Lesson 2.5: Blogging and Microblogging


A weblog or Blog is a dynamic web page easily created, published and frequently updated and maintained usually with posting of text, links to other sites, images or multimedia in chronological order with the newest content at the top of the page. A blog encourages interaction with its contents through comments which can be posted by the general public.

Blogging tools are some of the most accessible and easiest to use of these tools. This allows people to have visibility and a presence on the web.

Blogosphere” describes blogs as a diverse, decentralized social network, supported by hypertext links and aggregation tools that establish relationships between blogs. It is because of these links that messages are spread and sometimes massively disseminated.

Blogs can be created online through web companies that offer this service on their servers, by creating a user account. Blogs can also be created on our own server through installation of a content management system (CMS).

Microblogging is a more recent form of blogging. It allows the user to post short text updates via web browser, instant message, email or mobile text messaging. These short updates let others know of your “status” at the time.

Twitter is one of the most popular microblogging services and many others have followed its lead. Once you create an account, it allows you to post updates of 140 characters. It has many uses, including:
  • supporting communities of practice;
  • augmenting workplace and classroom learning;
  • reporting live from events and many other uses.
Microblogging services, like many social media services, make capabilities of their tools available to developers of other sites.

In this way, other people can develop applications that use Twitter or Jaiku data and make "mash ups" (combinations between data and functions from different web services), mixing the microblogging data with other data sets such as geographic location, photos etc. Other microblogging services include Twitpic and WordPress.



Lesson 2.6: Online Video and Image Sharing


Digital images and video are advantageous as they can be easily transferred to a computer, edited with basic software and shared in different formats, sizes and levels of quality.

The advantage of online photo or image sharing is that it allows users to:
  • easily upload digital images to the web;
  • add titles, descriptions and tags; and
  • organize them in albums, groups or clusters according to their preferences.

Images are hosted by image hosting services that may include other features, from sharing photos with friends to printing and getting prints delivered by mail for a fee, e.g. Flickr, Picasa, Picnik.

Web video (video in digital format, transmitted over the Internet) is popular partly due to video hosting services such as YouTube, Blip.tv, Vimeo, Seesmic and others, which automatically take care about compression formats compatibility with different players or server bandwidth while uploading short videos.

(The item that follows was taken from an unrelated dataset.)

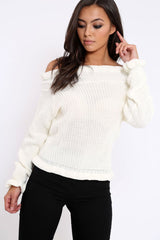 Cream Knitted Ruffle Jumper with Elasticated hems - Eve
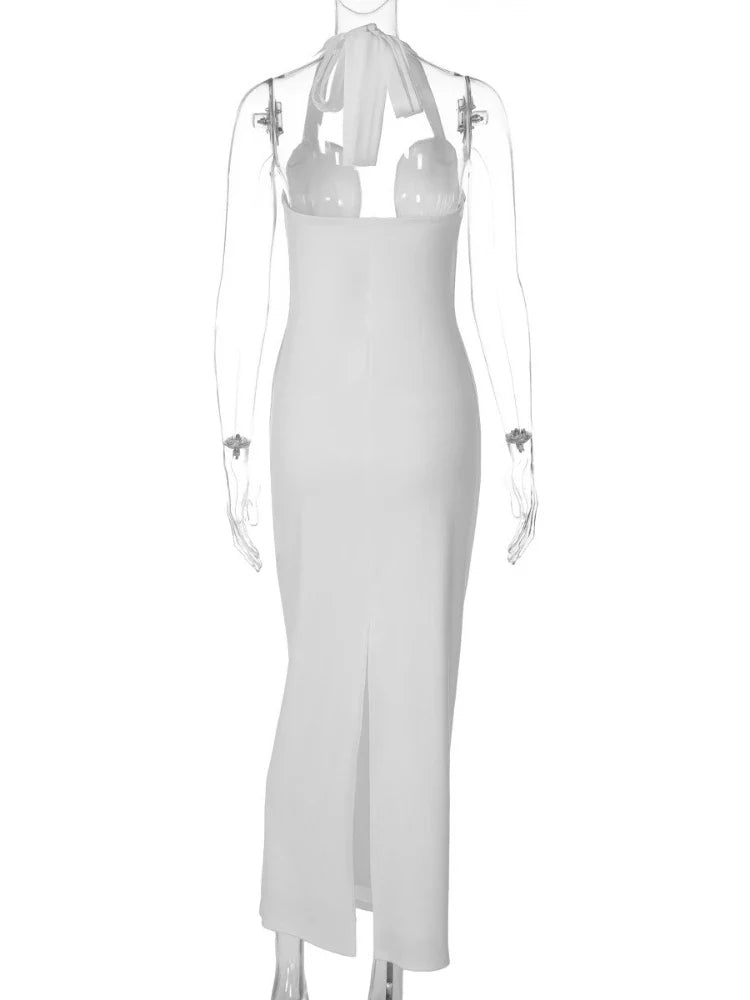 FDYOUI Elegant Chic Halter Hollow Out Bodycon Evening Dress for Women 2026 Summer Backless Sleeveless Long Wedding Party Dresses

Lesson 2.7: Podcasting and Online Radio



Podcasting means distributing audio files over the internet to access by users who subscribe to and download them. Podcasters produce audio files very easily using a digital recorder device or a microphone connected to a computer. Most podcast formats allow you to transfer the file to affordable portable devices such as mp3 players, which can also be used for recording. Podcasting is a useful tool for people to share information both online on the net and offline by copying the podcasts on to CDs.

The audio files used in podcasting can also be made available on the web in a form known as “streaming internet radio”. Unlike podcasting, streaming media are transmitted over the Internet and delivered at the same time to the listeners.


Important considerations when producing a podcast:
  • It is important to include variety in the format of your program (include interviews, clips, introductions, music etc.)
  • The final product should be in a file format that is accessible for most of your listeners, including those with low bandwidth.
  • Make sure you provide enough information about the program: description, duration, name of the people you interview, notes etc.